Bug #14012
closedarv-put does not check cached signatures when resuming
100%
Description
When resuming an upload, the cached manifest may contain block signatures made with a different user token.
This would generate a PermissionDenied
error when trying to create the collection after finishing the upload.
Updated by Lucas Di Pentima about 6 years ago
- Assigned To set to Lucas Di Pentima
- Target version changed from To Be Groomed to 2018-12-12 Sprint
Updated by Tom Clegg about 6 years ago
Suggestion: Do a HEAD request for the first cached block locator. If that doesn't work, consider the cached blocks invalid.
Updated by Lucas Di Pentima about 6 years ago
- Status changed from New to In Progress
Updated by Lucas Di Pentima about 6 years ago
Updates at 1e02903b90dbaf1f0e9fac222f65e3969b5f0352 - branch 14012-arvput-check-cache
Test run: https://ci.curoverse.com/job/developer-run-tests/995/
Replaced block expiration check on every file with a block signature check by making a HEAD request as suggested by Tom at early stages of the execution so it can fail fast.
When encountering an invalid manifest, provide options to the user: either start a new cache or skip it entirely.

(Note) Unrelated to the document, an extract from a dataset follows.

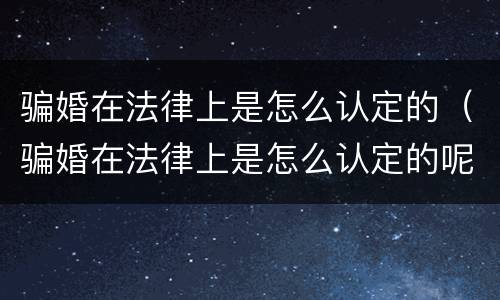 骗婚在法律上是怎么认定的（骗婚在法律上是怎么认定的呢）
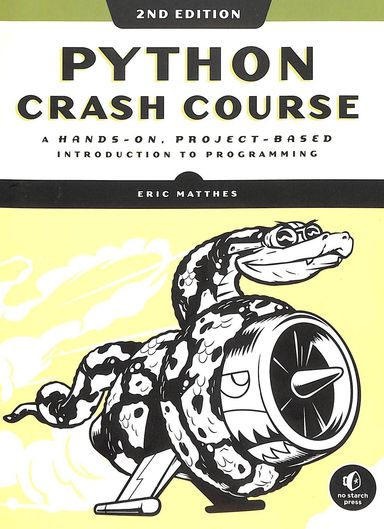 Python Crash Course, 2nd Edition: A Hands-On, Project-Based Introduction to  Programming: Matthes, Eric: 9781593279288: : Books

Updated by Peter Amstutz about 6 years ago
loc = self._state['manifest'][m.start():m.end()]
Isn't this the same asm.group(0)
?
- There's a note about "do something different when we have a token refresh API". Well, we have that now (HEAD request and X-Keep-Locator response header), so it seems like the most robust solution would be to go through and refresh every token. This would both check that the all the tokens are valid (not just the first one), and reset the time-to-live timestamps. The main concern is probably performance, refreshing 1000s of tokens up front might take some time.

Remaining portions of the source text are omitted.